長野………あの時代って、アマチュア写真運動は、今以上にけっこう盛んだった時代です。ただ、その運動が北海道まで伝わっていたのかどうかわかりません。
筑紫………東川町が「写真の町」を名乗るのと、彼の仕事は何の関係もないんですよ。偶然とは面白いなと思いました。つまり逆に言えば、東川町が「写真の町」を名乗らなければ、この人はどこかの町にいる物好きということで、埋もれたかもしれません。今回、偶然が脚光を当てるような結果になりました。僕は、最初見たときにいいなと思いました。それは絵の世界でナイーブというのがありますが、それに通ずるものを感じました。つまり普通のプロの画家とナイーブに何が違うかというと、いろんな定義する人がいて当てはまらないのですが、専門の勉強を全然していないということと、それから心で描いている画家をそんな言い方をするのですね。

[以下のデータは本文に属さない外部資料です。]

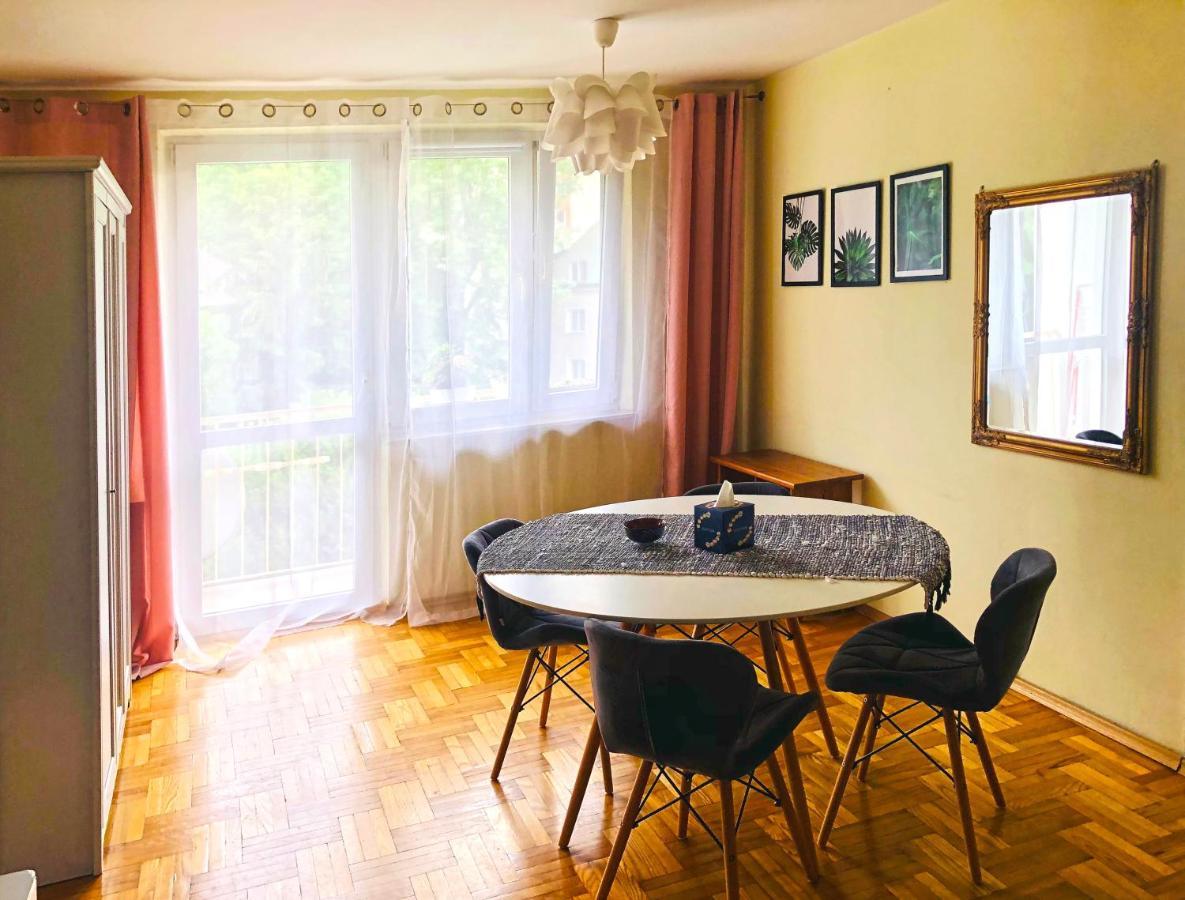 Apartament W Srodmiesciu Apartment *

 ひとつ非常にはっきりしているのは、写す対象に対して非常に愛着を込めている。うちの村の中でこういうおばあちゃんがいて、こういう景色があって、それをちゃんと絵にしておこうという動機が主としてある。同じようにこの人の撮る対象というのは、自分の気持ちがこもっているんですね。要するに、ここは撮っておかなくてはいけないと。結婚式の時はここは撮らなければいけないとか、自分の出征するときは幟を撮るとか。写されている対象と写す人間との距離みたいなものが非常に近いし、そこに自分の愛着、愛情というのが非常にこもっている。それの面白さじゃないかなと思って見たのですね。
 一方で、「日記はカメラだった」というタイトルですが、私はノンフィクションの書いているほうの審査というのを随分いろんなところでやり続けてきたんですが、だいたい日記ってつまんないですよ(笑)。自分では一生懸命書いているんだけど、何にも他人に訴えるものがない。写真というのはそういう意味で、すごいツールとして、すごいなと改めて思いました。ほんとの日記だったら、多分こんなには感動しません(笑)。だから、そこを僕はすごく感心したんです。
平木………ありがとうございました。では山岸さん、どうぞ。
山岸………いまナイーブっておっしゃいましたけど、「カメラ毎日」が70年代半ばに「ナイーブ・フォトグラフィー・アメリカーナ」という大特集をやっているのです。それは、「アマチュアこそ創造の王様」というサブタイトルが付いていて、アメリカ一般家庭のスナップショットのコレクションが、現代美術のアーチストの作品として提示されたものだったのです。当時の写真表現がハイ・アートに向かいはじめたことへの批評が込められていたのですが、何の作為もなく、楽しそうに撮られたアマチュア写真の活力に、当時写真家たちが大いにショック受けたといういきさつがありました。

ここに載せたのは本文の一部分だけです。